I.T. Consultancy - hhhmmm.


----------



## Towger (17 Jun 2008)

Do you think I could get a plummer to have look at a washing machine for €25. Try shifting the decimal point and adding some. And then some more.


----------



## sparkeee (17 Jun 2008)

is that some one who picks plums?


----------



## DavyJones (17 Jun 2008)

Towger said:


> Do you think I could get a plummer to have look at a washing machine for €25. Try shifting the decimal point and adding some. And then some more.


 
Really? that much? If you ever need a plumber, give me a shout


----------



## aircobra19 (17 Jun 2008)

sawakatoome said:


> My new self-employing job (I.T. Consultancy) is going to entail callouts from time to time. Which means I'll need to factor in costs for travel expenses .. does anyone know what the standard rate is per mile?
> 
> 
> Also, should I charge an extra standard 'callout charge', like maybe €25 for the site visit (irrespective of distance and time allowance)?
> ...


 
You should be able to work out per mile what running a car and being on site per hour costs.


----------



## sawakatoome (17 Jun 2008)

Thanks for the replies.

Sorry for the terse original post .. I lost my job (working in a software solutions company) earlier this year, my wife and I were very busy trying to raise a small family and make ends meet .. I'm currently a stay-at-home Dad (with multiple sclerosis) trying to bring up two small boys .. and, well, its rare I get a chance to go online for long these days. Oh well.

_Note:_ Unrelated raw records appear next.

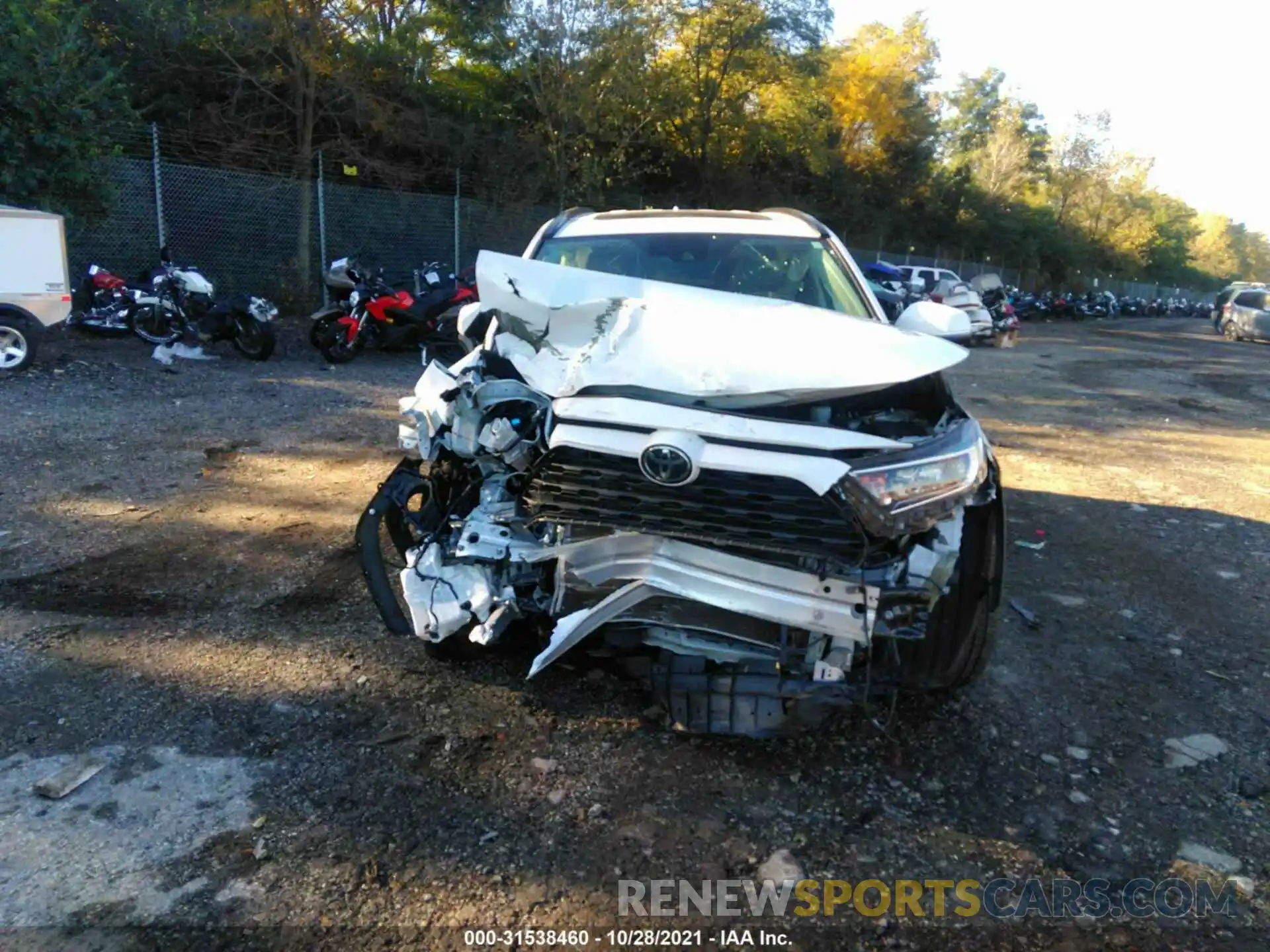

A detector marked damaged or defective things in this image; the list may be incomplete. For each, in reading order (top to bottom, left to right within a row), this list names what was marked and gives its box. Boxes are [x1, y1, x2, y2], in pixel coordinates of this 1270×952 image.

wrecked white toyota rav4 [357, 209, 1000, 735]
damaged suv [357, 209, 1000, 735]
crumpled hood [471, 251, 968, 407]
shattered headlight [836, 418, 995, 532] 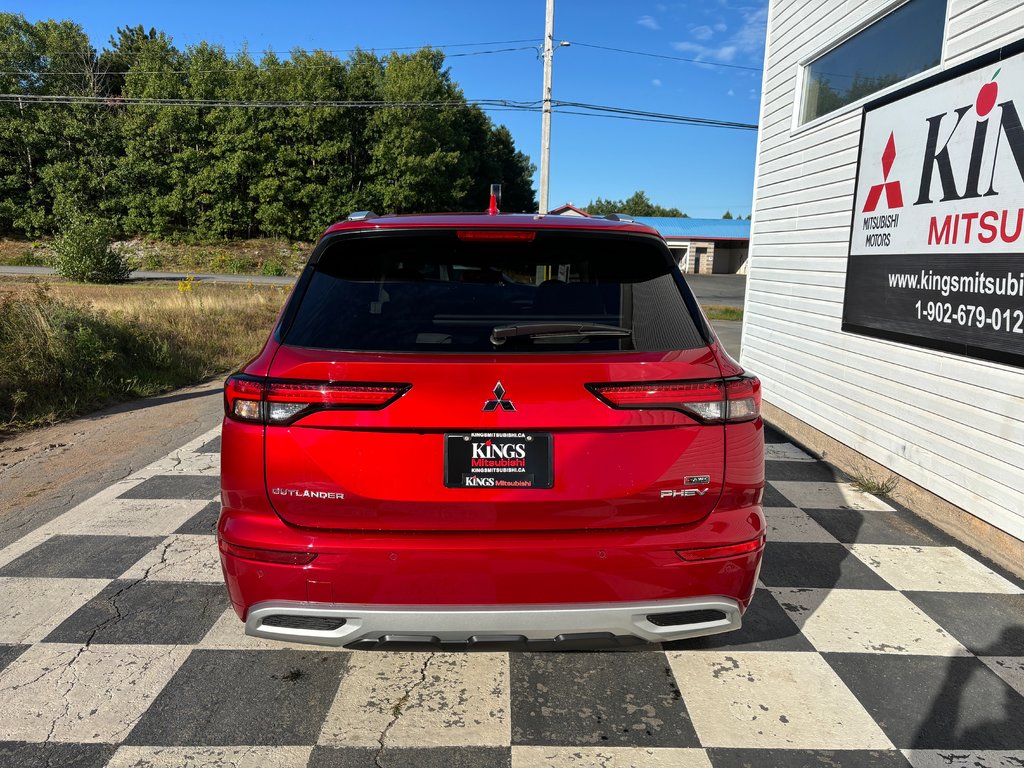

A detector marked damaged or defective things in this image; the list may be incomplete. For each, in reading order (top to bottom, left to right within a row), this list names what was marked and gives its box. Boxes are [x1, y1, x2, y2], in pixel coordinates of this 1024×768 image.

cracked pavement [0, 382, 1019, 765] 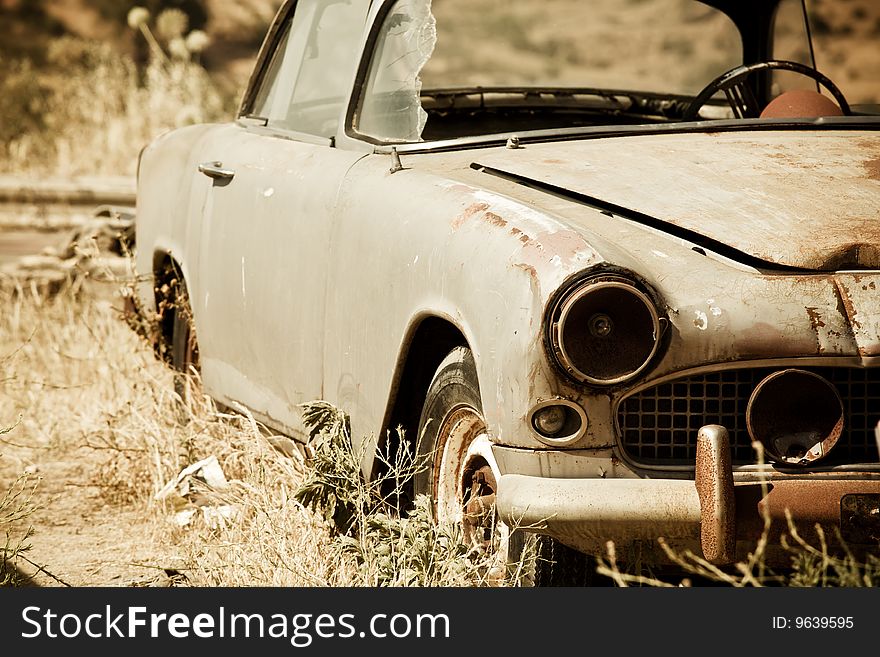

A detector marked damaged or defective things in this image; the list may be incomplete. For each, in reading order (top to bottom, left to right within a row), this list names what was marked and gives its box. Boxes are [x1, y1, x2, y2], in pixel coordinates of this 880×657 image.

rust spot [450, 201, 492, 232]
abandoned vintage car [131, 0, 880, 584]
rusted car body [132, 0, 880, 576]
rust spot [860, 158, 880, 181] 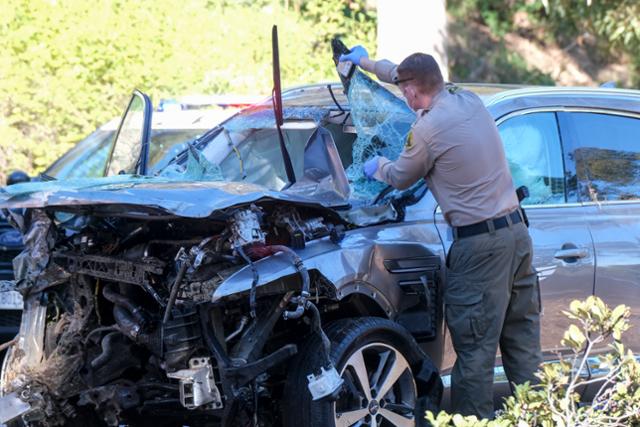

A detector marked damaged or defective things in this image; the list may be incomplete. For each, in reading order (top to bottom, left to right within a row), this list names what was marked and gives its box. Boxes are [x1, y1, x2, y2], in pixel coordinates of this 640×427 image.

Sorry if I stepped on any toes with the post. Thanks anyway.


----------



## sparkeee (18 Jun 2008)

Lets call it a "call out charge",most professionals do this.


----------



## aircobra19 (18 Jun 2008)

Do you know what it currently costs you per hour to break even.


----------



## ubiquitous (18 Jun 2008)

Best bet is to try to find out from sources in the industry (not your direct competitors) how they structure their charges and if these make sense to you, adopt their policies or adapt them as you see fit.


----------



## techman (15 Jul 2008)

You could charge a standard hourly rate and also a slightly higher rate for the first half hour. This would cover a callout cost.

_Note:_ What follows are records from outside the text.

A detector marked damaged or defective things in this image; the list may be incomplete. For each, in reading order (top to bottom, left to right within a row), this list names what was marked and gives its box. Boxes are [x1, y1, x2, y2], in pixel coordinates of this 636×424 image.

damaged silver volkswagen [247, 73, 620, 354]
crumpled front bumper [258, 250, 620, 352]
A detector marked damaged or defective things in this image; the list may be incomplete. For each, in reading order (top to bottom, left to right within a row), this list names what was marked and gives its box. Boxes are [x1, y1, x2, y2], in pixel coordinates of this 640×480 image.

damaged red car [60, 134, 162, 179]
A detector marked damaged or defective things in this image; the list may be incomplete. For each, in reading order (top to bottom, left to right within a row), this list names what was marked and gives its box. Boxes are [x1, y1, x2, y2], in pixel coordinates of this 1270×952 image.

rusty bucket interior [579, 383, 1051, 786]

Example: €50 per hour, €60 for first half hour.


----------



## j26 (15 Jul 2008)

You could have banded rates €25 up to 10 miles, €40 up to 30 miles etc (obviously work out your own prices and distances)

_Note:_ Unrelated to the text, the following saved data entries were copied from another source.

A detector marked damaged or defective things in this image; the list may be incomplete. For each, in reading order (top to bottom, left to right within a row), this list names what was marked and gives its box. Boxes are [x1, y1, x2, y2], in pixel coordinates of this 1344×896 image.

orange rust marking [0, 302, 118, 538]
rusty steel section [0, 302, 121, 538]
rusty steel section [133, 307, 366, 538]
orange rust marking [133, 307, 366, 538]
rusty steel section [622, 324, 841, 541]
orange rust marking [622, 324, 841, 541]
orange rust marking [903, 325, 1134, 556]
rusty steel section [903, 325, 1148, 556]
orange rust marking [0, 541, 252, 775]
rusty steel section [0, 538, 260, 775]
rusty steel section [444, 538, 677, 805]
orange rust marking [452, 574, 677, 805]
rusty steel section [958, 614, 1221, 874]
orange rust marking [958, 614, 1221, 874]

I suppose civil service mileage rates would be a good starting point to look at as I believe several organisations benchmark off these.


----------



## d2x2 (26 Jul 2008)

To give you a rough idea...

When we travel outside of Dublin (where we are based) the company I work for reimburses mileage at the rate of 57 cents per mile. However, each client agrees a different mileage rate which could be anything from 57-89 cents per mile.

BTW some clients agree to different rates for different engine sizes.

Hope this helps


----------



## hikicker (26 Jul 2008)

I'm in the critical power industry (Comms rooms etc) and charge €300 for a callout which includes first hour labour or travel. An hourly rate (depending on time of day) starting at €70 per hour for weekdays up to €170 for more unsocial hours is charged thereafter. The general rule of thumb within most industries is a minimum of 4 hours charge per callout whether you are on site for 5 minutes or 3 hours. Mileage should be approx €1 per mile (63 cent/km) charged to client


----------